Jungdam Won, et. al., Facebook AI Research, USA, 2021.

Blog by Hanbie Ryu, 2024
Dept. of AI, Yonsei University

This paper demonstrates a novel training method for agents to perform competitive sports like boxing or fencing with human-like motion. Although this is directly related to my research area of interest, I'm not at a professional enough level to provide deeper insight than a brief, superficial overview. This is just my interpretation and breakdown of the research, intended for a broader audience. Enjoy!

Ps, Two-Minitue-Papers on YouTube did a fantastic review of this paper, showcasing the training results in depth.

We will divide this blog into the following sections:

Index:

1. Theoretical Background and Need for Research
2. Training Procedure
- 2.1 Pre-training Phase
- 2.2 Transfer Learning Phase
3. Preserving Movement Style During Competitive Optimization
4. Results and Analysis
5. Conclusion

1. Theoretical Background and Need for Research

1.1 What is Reinforcement Learning?

Source: Google Deepmind, 2013

Reinforcement Learning (RL) is a type of machine learning where an agent learns to make decisions by taking actions in an environment to maximize cumulative rewards. Unlike supervised learning, where the model learns from labeled examples, RL learns from the consequences of actions, using trial and error to discover which actions yield the most reward.

Key Components of RL:

State (\( S_t \)): The current situation of the agent in the environment at time \( t \).
Action (\( A_t \)): The set of possible actions the agent can take in state \( S_t \).
Policy (\( \pi \)): A strategy used by the agent to decide the next action based on the current state.
Reward (\( R_t \)): The immediate return received after taking an action.
Value Function (\( V(s) \)): The expected cumulative future reward starting from state \( s \).
Action-Value Function (Q-Value, \( Q(s, a) \)): The expected cumulative future reward starting from state \( s \), taking action \( a \), and thereafter following policy \( \pi \).

Policy (\( \pi \)):

The policy is a mapping from states to probabilities of selecting each possible action.
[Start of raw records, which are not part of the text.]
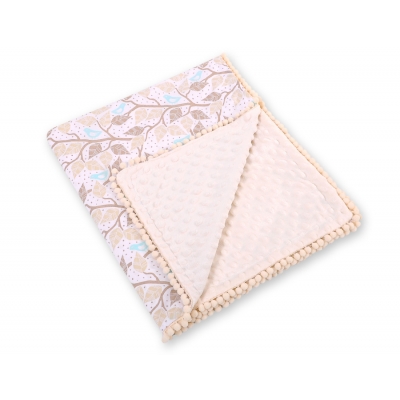 Wendedecke doppelseitig mit Pompoms (mit Minky) -  beige Blätter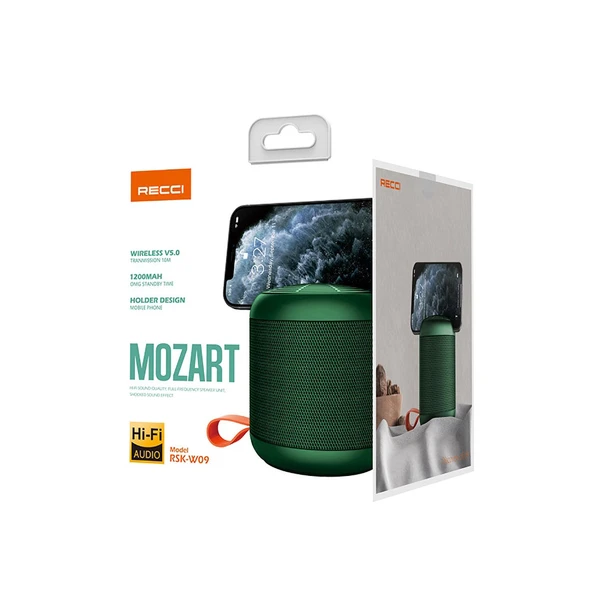Recci RSK-W09 Mozart Serisi Hi-Fi Askılı Telefon Tutuculu Wireless Bluetooth 5.0 Speaker Hoparlör 1200mAh - 11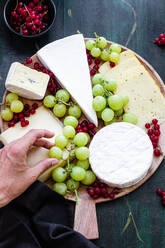 Top view composition of crop anonymous chef decorating delicious cheese platter with sweet grapes and red currants on wooden plate before serving on banquet - ADSF18282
It can be deterministic or stochastic.

Deterministic Policy: \[ \pi(s) = a \]

Stochastic Policy: \[ \pi(a|s) = P[A_t = a | S_t = s] \]

Value Function (\( V^\pi(s) \)):

The value of a state under policy \( \pi \) is the expected return when starting from state \( s \) and following \( \pi \) thereafter: \[ V^\pi(s) = \mathbb{E}_\pi \left[ \sum_{k=0}^\infty \gamma^k R_{t+k+1} \bigg| S_t = s \right] \]

where \( \gamma \) is the discount factor, \( 0 \leq \gamma \leq 1 \), which determines the importance of future rewards.

Action-Value Function (\( Q^\pi(s, a) \)):

The expected return after taking action \( a \) in state \( s \) and thereafter following policy \( \pi \): \[ Q^\pi(s, a) = \mathbb{E}_\pi \left[ \sum_{k=0}^\infty \gamma^k R_{t+k+1} \bigg| S_t = s, A_t = a \right] \]

Optimal Policy and Value Functions:

The goal in RL is to find an optimal policy \( \pi^* \) that maximizes the expected return from each state: \[ V^*(s) = \max_\pi V^\pi(s) \] \[ Q^*(s, a) = \max_\pi Q^\pi(s, a) \]

1.2 Proximal Policy Optimization (PPO)

Proximal Policy Optimization (PPO) is a reinforcement learning algorithm that optimizes policies using gradient ascent while preventing large, destabilizing updates by clipping changes to stay within a safe range. This approach ensures each policy update is close to the previous one, enhancing training stability and efficiency.

This research used PPO for training agents in high dimensional, continuous spaces. So, how does it work?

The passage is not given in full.